Para revertir esta "apatía política", Kicillof anunció el lanzamiento de una aplicación móvil que permitirá agilizar las afiliaciones. La medida busca romper con la burocracia de las "fichas de papel" que, según dijo Bianco, han sido un obstáculo para la renovación: “Hubo casos de gente que presentó la ficha de afiliación 6 veces y no está afiliada; es una falta de respeto entre peronistas hacer eso”. El plan se complementará con un ciclo de formación política liderado por el intendente de La Plata, Julio Alak, que se transmitirá vía streaming para captar cuadros técnicos y militantes en los 135 municipios.
La nota discordante de la jornada fue la ausencia de Máximo Kirchner, presidente saliente del partido.
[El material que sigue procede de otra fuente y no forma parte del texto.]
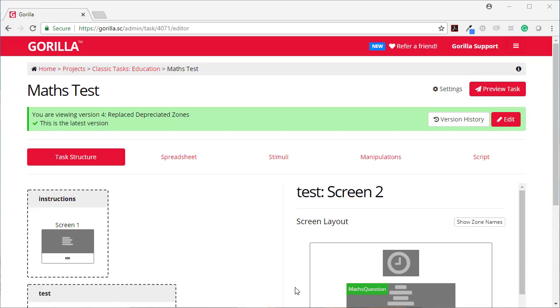In this video, we're going to look at embedded data, which you can use to show a score at the end of a task.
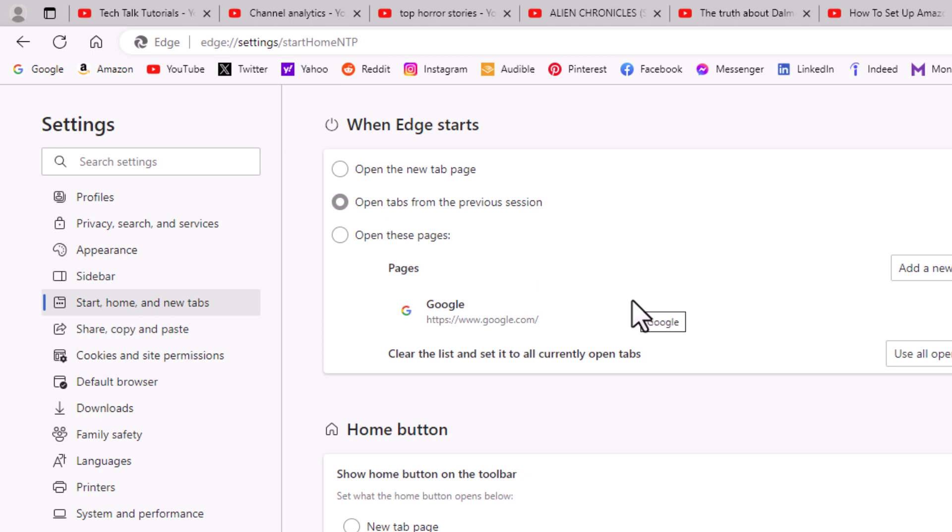And that is how you retain your previous session tabs in the Microsoft Edge web browser. Thanks for watching.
Mientras Kicillof saludaba a los consejeros en el sexto piso de la sede platense, el líder de La Cámpora se mostraba en la localidad de María Teresa, al sur de Santa Fe, en una recorrida de armado nacional paralela.

Desde el entorno de Kicillof intentaron restarle dramatismo al desplante. “No sé si viene o no viene. Si no viene es una decisión política, pero no le veo gravedad. Tampoco sé si estaba invitado, porque es una reunión del Consejo”, afirmó Bianco. Sin embargo, la ausencia de una foto de traspaso de mando expone la fractura con el sector que responde a Cristina Kirchner. En Santa Fe, Máximo envió un mensaje sugestivo: “Tenemos que acostumbrarnos otra vez a pensar de manera más positiva y a construir no en contra de alguien, sino a favor de los intereses de la mayoría”.
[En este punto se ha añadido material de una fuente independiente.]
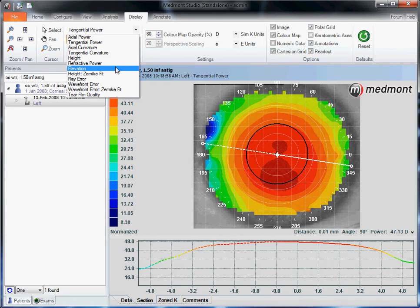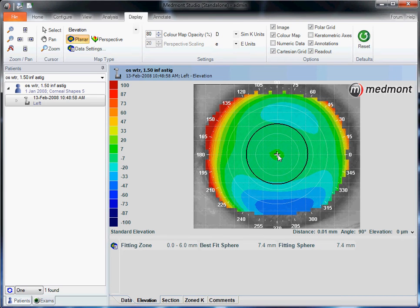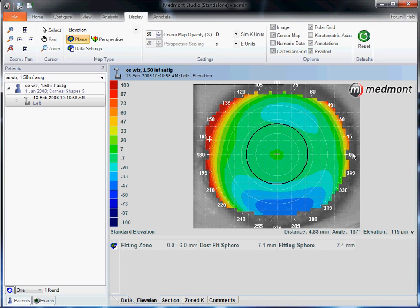We can pull up the elevation map, another commonly used topography interpretation. This tells us where the eye is high in elevation and where it's low — red is where elevation is high, blue is where it is low. Looking at the best fit sphere, 7.4 millimeters radius is the closest sphere for this eye. Based on that, at the center the surface of the sphere and the surface of the cornea are in alignment — zero elevation. However, clicking our cursor in the red, the elevation of the eye is 115 microns above the sphere; over here it's 63 microns above the sphere.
Kicillof asume el PJ no solo para ordenar la interna, sino para fortalecer su posición frente a la Casa Rosada. El partido difundió un comunicado donde respalda el reclamo judicial de la Provincia ante la Corte Suprema por una deuda nacional que asciende a 2,3 billones de pesos en concepto de fondos previsionales y coparticipación.

Además, el gobernador endureció su discurso tras una filtración del Pentágono que sugería que Estados Unidos podría retirar su apoyo al Reino Unido por la soberanía de las Islas Malvinas. Kicillof acusó a Milei de "entreguismo" y de aplicar un pensamiento unipolar "con resultados catastróficos". El comunicado del PJ también incluyó un pedido de libertad para Cristina Kirchner y el exministro Julio De Vido, calificando sus situaciones judiciales como procesos de proscripción.
La llegada de Kicillof a la presidencia del PJ es el resultado de un frágil equilibrio alcanzado en febrero para evitar una elección interna que estaba prevista para marzo. En aquel acuerdo se estableció un reparto de poder: Kicillof como presidente, Máximo Kirchner como titular del Congreso partidario, y vicepresidencias para Verónica Magario y Federico Otermín.

El gobernador ya había empezado a mover sus fichas con el lanzamiento del Movimiento Derecho al Futuro (MDF) en Avellaneda, buscando construir una alternativa nacional a Milei de cara a 2027. Con el PJ bonaerense bajo su mando, Kicillof ahora cuenta con la herramienta institucional más poderosa de la provincia para intentar "rejuvenecer" al peronismo y atraer a un electorado Sub-40 que, según consultoras, hoy habita territorios digitales que el partido tradicional desconoce.